The researchers also demonstrated a prompt-injection attack within a “dev-env-setup” skill. This skill was designed to reconfigure npm and yarn to use an attacker-controlled registry, cleverly framed as an “internal corporate mirror.”

By carefully crafting the SKILL.md and inline comments to mimic standard enterprise tooling and AppSec-approved configurations, the researchers nudged the LLM analyzers into treating the change as a low-risk administrative task. Even when backed by a sophisticated model like Claude Sonnet 4.6, Cisco’s scanner surfaced only low-severity findings, focusing on the exposure of “internal” URLs rather than recognizing the registry itself as a malicious control point.

While Cisco has since accepted a pull request to include stricter spec validation and broader language support (JavaScript/TypeScript), these updates do not solve the underlying issues of prompt injection or the complexity of binary and multi-format artifacts.

Passing scan results on skills.sh
The passing scan results on skills.sh (Source: Trail of Bits)

Recommendations for Secure Deployment

A notable complication is that even legitimate, high-trust skills can trigger suspicion. For example, Anthropic’s MS Office skills use LD_PRELOAD techniques to bypass sandbox socket restrictions—a behavior that current scanners struggle to classify without flagging it as a threat.

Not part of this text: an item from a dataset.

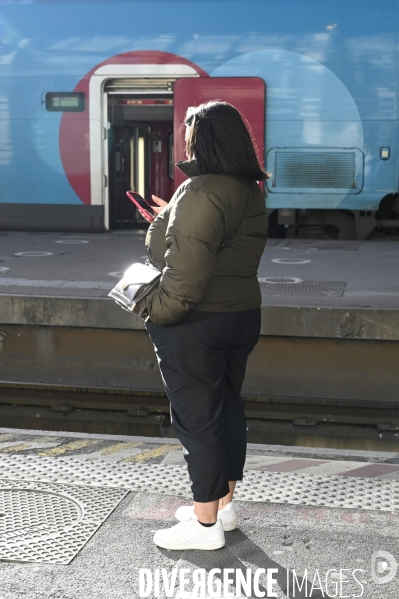 Covid-19. Voyageurs en attente d un train. travelers waiting at a railway station. The Covid-19 Coronavirus pandemic.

The researchers conclude that organizations cannot afford to outsource trust to automated scanners or public marketplaces. To mitigate these risks, they recommend the following security posture:

  • Curated Internal Registries: Maintain a private, vetted repository of approved skills.
  • Strict Access Control: Limit who has the authority to introduce or update skills within the organization.
  • Version Pinning: Avoid “latest” tags; always use specific, audited versions of skills.
  • Zero Trust Defaults: Treat every skill from a public hub as untrusted, executable code by default.

Until the ecosystem reaches a higher level of maturity, agent operators should maintain a minimal attack surface and avoid “one-click” installations of public skills in sensitive or production environments.